Не слушая дальше, Максимиан взлетел в седло и принялся неистово понукать жеребца. Всё остальное происходило как в бреду. Распугивая в сторону монахов и служек, он влетел в ворота, спрыгнул на землю, отбросил поводья и побежал в свою келью. В дверях он столкнулся с Беатрисой, сначала обнял её и принялся лихорадочно целовать глаза, щёки, губы, а потом, не в силах выразить то, как много она для него значит, опустился на землю и устало прижался лицом к её коленям.

— Максимиан!

— Беатриса... Беатриса... Беатриса... — Он плакал и не находил слов от счастья, снова и снова повторяя её имя.

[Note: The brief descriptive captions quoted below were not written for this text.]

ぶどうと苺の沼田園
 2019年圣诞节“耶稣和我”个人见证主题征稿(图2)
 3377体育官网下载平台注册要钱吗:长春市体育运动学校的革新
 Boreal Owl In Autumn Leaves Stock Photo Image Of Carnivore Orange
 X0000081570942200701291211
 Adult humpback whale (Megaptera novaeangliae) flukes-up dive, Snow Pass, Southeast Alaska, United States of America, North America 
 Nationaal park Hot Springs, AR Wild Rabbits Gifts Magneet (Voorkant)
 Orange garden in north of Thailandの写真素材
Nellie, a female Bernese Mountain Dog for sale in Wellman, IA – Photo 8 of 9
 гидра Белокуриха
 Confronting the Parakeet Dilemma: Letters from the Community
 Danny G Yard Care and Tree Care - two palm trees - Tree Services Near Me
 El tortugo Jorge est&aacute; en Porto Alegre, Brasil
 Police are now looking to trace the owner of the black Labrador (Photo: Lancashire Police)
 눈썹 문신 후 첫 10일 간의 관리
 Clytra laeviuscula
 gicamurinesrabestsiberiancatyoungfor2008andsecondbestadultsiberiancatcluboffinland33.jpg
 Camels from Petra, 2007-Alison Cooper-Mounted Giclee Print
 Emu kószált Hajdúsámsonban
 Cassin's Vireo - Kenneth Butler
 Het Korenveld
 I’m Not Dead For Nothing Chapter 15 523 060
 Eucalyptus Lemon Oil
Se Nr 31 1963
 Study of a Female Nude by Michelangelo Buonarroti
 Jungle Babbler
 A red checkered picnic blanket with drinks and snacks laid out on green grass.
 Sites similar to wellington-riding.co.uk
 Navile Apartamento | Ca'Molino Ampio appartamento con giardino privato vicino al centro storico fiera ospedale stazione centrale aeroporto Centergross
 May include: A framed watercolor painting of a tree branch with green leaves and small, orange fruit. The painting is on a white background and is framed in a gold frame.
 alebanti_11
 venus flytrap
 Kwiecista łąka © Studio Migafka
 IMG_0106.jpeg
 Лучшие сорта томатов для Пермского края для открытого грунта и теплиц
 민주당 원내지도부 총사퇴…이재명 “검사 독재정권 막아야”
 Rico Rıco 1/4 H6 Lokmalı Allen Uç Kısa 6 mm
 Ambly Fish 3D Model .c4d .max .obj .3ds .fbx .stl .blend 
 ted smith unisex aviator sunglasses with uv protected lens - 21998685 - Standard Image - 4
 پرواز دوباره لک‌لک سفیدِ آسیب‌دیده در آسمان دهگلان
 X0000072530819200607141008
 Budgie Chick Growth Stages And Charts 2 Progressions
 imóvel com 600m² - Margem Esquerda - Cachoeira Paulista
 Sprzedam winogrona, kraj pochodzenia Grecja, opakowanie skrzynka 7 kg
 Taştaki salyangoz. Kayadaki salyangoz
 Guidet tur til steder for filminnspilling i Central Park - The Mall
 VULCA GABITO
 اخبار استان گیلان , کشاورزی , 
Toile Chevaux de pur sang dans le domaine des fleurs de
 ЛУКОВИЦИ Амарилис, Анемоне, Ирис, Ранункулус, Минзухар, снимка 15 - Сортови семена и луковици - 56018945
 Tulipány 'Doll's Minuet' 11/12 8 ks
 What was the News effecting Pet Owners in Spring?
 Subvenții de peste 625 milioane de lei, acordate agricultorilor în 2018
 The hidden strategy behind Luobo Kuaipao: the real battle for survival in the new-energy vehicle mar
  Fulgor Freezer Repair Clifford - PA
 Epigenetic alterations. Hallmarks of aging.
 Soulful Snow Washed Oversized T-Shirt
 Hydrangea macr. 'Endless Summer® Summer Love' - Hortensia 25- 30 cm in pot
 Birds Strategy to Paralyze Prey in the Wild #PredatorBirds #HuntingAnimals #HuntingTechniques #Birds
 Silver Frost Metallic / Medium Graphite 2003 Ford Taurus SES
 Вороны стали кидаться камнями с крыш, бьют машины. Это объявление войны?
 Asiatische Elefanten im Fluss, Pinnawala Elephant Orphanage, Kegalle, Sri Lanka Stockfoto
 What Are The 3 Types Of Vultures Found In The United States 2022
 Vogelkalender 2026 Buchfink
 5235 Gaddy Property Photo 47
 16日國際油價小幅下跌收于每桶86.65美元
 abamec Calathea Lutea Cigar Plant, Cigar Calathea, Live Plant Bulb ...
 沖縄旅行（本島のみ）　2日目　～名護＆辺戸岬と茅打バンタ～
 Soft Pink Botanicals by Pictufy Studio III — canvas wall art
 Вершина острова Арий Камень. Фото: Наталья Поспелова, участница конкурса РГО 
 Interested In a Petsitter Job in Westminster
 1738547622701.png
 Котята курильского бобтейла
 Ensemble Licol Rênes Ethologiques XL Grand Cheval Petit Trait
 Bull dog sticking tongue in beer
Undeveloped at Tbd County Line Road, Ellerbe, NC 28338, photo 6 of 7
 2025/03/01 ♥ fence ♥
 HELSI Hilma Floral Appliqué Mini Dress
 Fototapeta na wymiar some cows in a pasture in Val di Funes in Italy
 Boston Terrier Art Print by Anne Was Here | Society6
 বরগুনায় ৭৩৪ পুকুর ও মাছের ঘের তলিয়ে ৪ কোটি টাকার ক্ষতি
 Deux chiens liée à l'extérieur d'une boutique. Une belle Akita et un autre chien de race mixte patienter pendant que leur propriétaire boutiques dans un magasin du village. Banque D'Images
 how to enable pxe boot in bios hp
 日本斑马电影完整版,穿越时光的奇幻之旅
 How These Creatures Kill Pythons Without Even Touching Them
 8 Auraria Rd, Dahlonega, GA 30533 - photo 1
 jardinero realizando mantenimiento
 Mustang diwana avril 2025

То, что должно было стать свадебным пиром, оказалось тризной. Теодорих выглядел совсем не так, как должен был бы выглядеть король, успешно расправившийся со своими политическими противниками, и это приводило в изумление и Конигаста, и Тригвиллу, но зато повергло в глубокую задумчивость Кассиодора. Когда-то красивое лицо короля было мрачным, изуродованным глубокими морщинами, лишь на щеках прикрытыми седой бородой, а глаза обведены столь обширными чёрными кругами, что один только взгляд был способен привести в ужас. Поэтому, не желая поймать на себе такой взгляд, все сотрапезники сосредоточенно хмурились и желали про себя скорейшего окончания этого странного пира.

Впрочем, у каждого из них были собственные причины для мрачного безмолвия: Тригвилле предстояли похороны дочери, к которой он был очень сильно привязан; Конигаст боялся предстоящего возвращения своей бывшей любовницы и дочери короля Амаласунты, которая была замужем за вестготским королём Аталарихом II, но, по слухам, недавно овдовела; Киприан всегда вёл себя так, словно был точной копией Теодориха, ну а Кассиодор...

Магистр оффиций вдруг почувствовал такую ненависть к этим жующим и сопящим готам, что вспомнил о том, как некогда, много лет назад, король Теодорих специальным эдиктом запретил своим готским придворным во время пира громко выпускать газы, требуя, чтобы для этого они каждый раз успевали покинуть тот зал, где происходило пиршество. Однажды это даже стало причиной сердечного приступа у одного старого готского графа, который столь усердно сдерживался, помня об эдикте короля, что его сердце просто не выдержало.

«За всё время готского господства над Италией это их единственное достижение в области хорошего тона, — злобно подумал Кассиодор, глядя на смачно чавкающего Тригвиллу, — но, Боже мой, сколько ещё потребуется лет, чтобы они научились есть тихо!»